C++ Logo

std-proposals

Advanced search

[std-proposals] The real problems with optimizing C++ are not getting better

From: Adrian Johnston <adrian3_at_[hidden]>
Date: Sun, 24 Aug 2025 18:12:00 -0700
Hello,

(If you spend a lot of time looking at generated assembly you might
want to skip this one.)

As we all know the compiler's budget for optimizing C++ is an
implementation-defined metric where it knows best what is needed and
we are not supposed to be doing the compiler's job for it.
Unfortunately, this view has never really worked well in practice.
Recently I spent some time looking at the generated assembly from gcc
and clang and it doesn't look like the situation has improved in 30
years.

I will make a couple proposals but let me explain the problems first.

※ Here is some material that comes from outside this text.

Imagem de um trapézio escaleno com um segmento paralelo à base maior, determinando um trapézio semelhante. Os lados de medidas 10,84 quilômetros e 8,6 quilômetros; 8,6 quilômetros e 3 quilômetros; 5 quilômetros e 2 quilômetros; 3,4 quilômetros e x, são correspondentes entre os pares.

The keyword const never mattered to the code generator before and it
seems the keyword constexpr doesn't matter now. The compiler may be
willing to execute constexpr code in a manifestly-const context but it
isn't going to do anything extra to optimize the generated assembly
otherwise. This is bothersome because everyone learning C++ is going
around acting like the constexpr keyword results in their runtime code
being more thoroughly evaluated at compile time when it doesn't even
matter at all. This is more of an education issue, but I wanted to
point out how dangerous the wording around things being made "possible
to evaluate at compile time" was for the uninitiated.

Meanwhile gcc/clang are still perfectly happy to inline and execute
arbitrary non-const code at link time clear across different
translation units. Let me give you an example of code inlining using a
simple insertion sort template that just uses pointers and operator<:

int example1() {
   int x[3] = { 7, 3 };
   hxinsertion_sort(x+0, x+2);
   printf("%d %d", x[0], x[1]);
}

This results in the following assembly:

       .string "%d %d"
       sub rsp, 8
       mov edx, 7
       mov esi, 3
       xor eax, eax
       mov edi, OFFSET FLAT:.LC0
       call "printf"

This means the two numbers were sorted at compile time without any of
the new C++ constant evaluation machinery involved. Meanwhile, if you
write that with std::sort you get this:

       .string "%d %d"
       movabs rax, 12884901895
       sub rsp, 24
       mov rdi, rsp
       lea rsi, [rsp+8]
       mov QWORD PTR [rsp], rax
       mov DWORD PTR [rsp+8], 0
       call "void std::__insertion_sort<int*,
__gnu_cxx::__ops::_Iter_less_iter>(int*, int*,
__gnu_cxx::__ops::_Iter_less_iter) [clone .isra.0]"
       mov edx, DWORD PTR [rsp+4]
       mov esi, DWORD PTR [rsp]
       xor eax, eax
       mov edi, OFFSET FLAT:.LC1
       call "printf"

It appears that the real problem here is actually that the standard
template library uses iterators. Sacrilege you say? Well, we know the
compiler has an optimization budget and we know that inlining does
require some work by the compiler.... I would argue that it is
impressive that the compiler was able to call insertion sort directly
without invoking a partitioning scheme first.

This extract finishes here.